In those places where vaccination can be included in control programs, it is recommended that all kids be vac­cinated between 4 and 16 weeks of age and that subsequent kid crops be vaccinated at the same age, until all animals in a farm have been vaccinated and all non-vaccinated ani­mals have been removed (Lacasta et al. 2015; Windsor 2015). It should be made clear to herd owners that vaccination does not eliminate infection and that vaccination alone without improved biosecurity, kid management, and test­ing and culling will not eradicate the disease. The benefits of vaccination include a notable decrease in the number of clinically affected animals over time, a decrease in mortal­ity, a gradual decrease in the prevalence of infection, and a notable decrease in the fecal shedding of Map.

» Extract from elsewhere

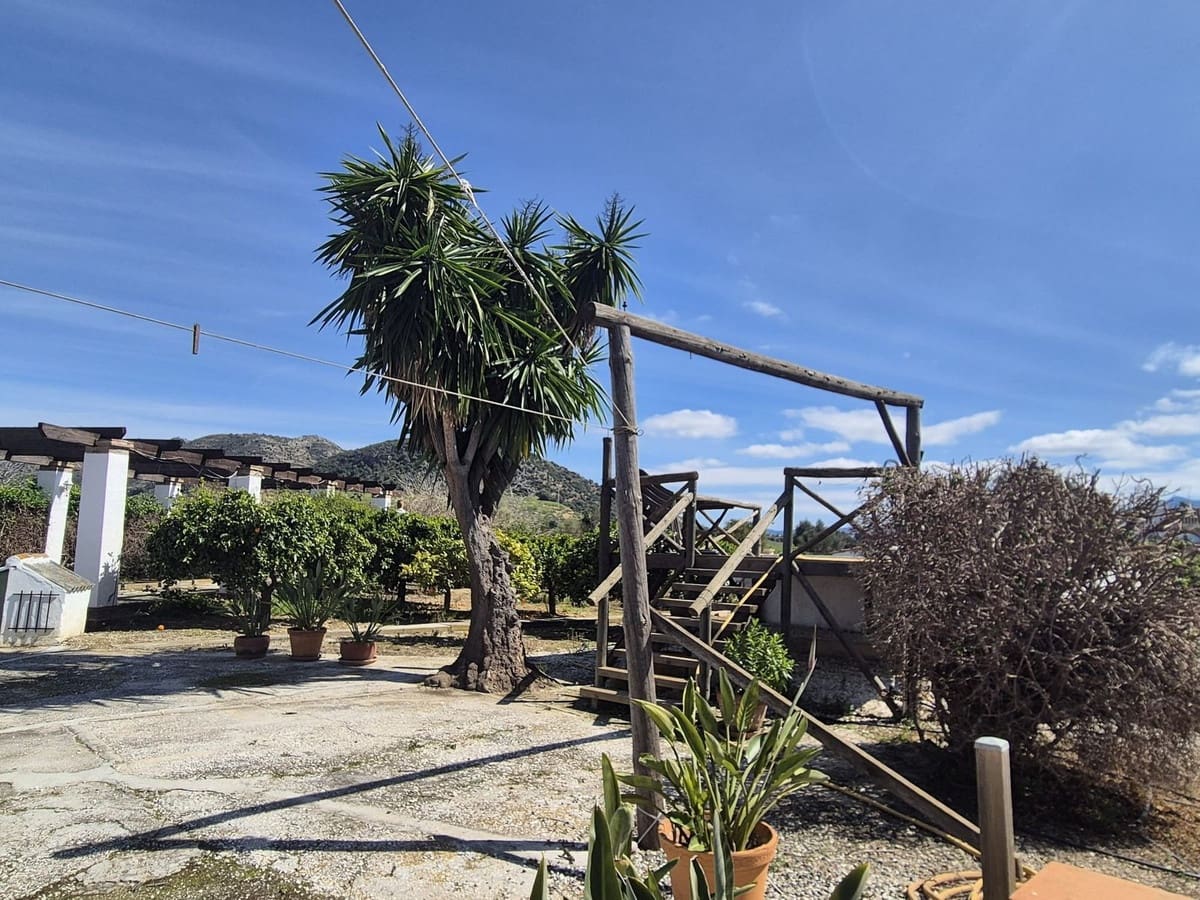 3 bedroom Finca/Country House for sale in Cartama - € 369,000 (Ref: 9694539)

Figure 10.7 Persistent granulomatous reaction (arrows) at site of vaccination for paratuberculosis with live vaccine. Source: Courtesy of Dr. David M. Sherman.

There are three potential drawbacks to the use of vac­cines containing Map. The first is the appearance of a gran­ulomatous nodule at the site of vaccination (Figure 10.7). The severity of the nodule can be minimized by proper subcutaneous injection and avoidance of intramuscular injection. The second is the fact that animals vaccinated against Map may develop cross-reactivity to standard tuberculosis tests, thus complicating the testing procedures for regulatory programs designed to control tuberculosis. Implementation of paratuberculosis vaccination, then, may be restricted by regulatory agencies in countries where tuberculosis is monitored or still endemic. The third draw­back is that accidental injection of the vaccine into people, notably the vaccinator and animal handler, can produce a serious, persistent granuloma at the accidental injection site. Both live and killed vaccines carry this risk. Efforts are being made to develop new novel Map vaccines that address some of these issues (Bannantine et al. 2014; Thukral et al. 2020).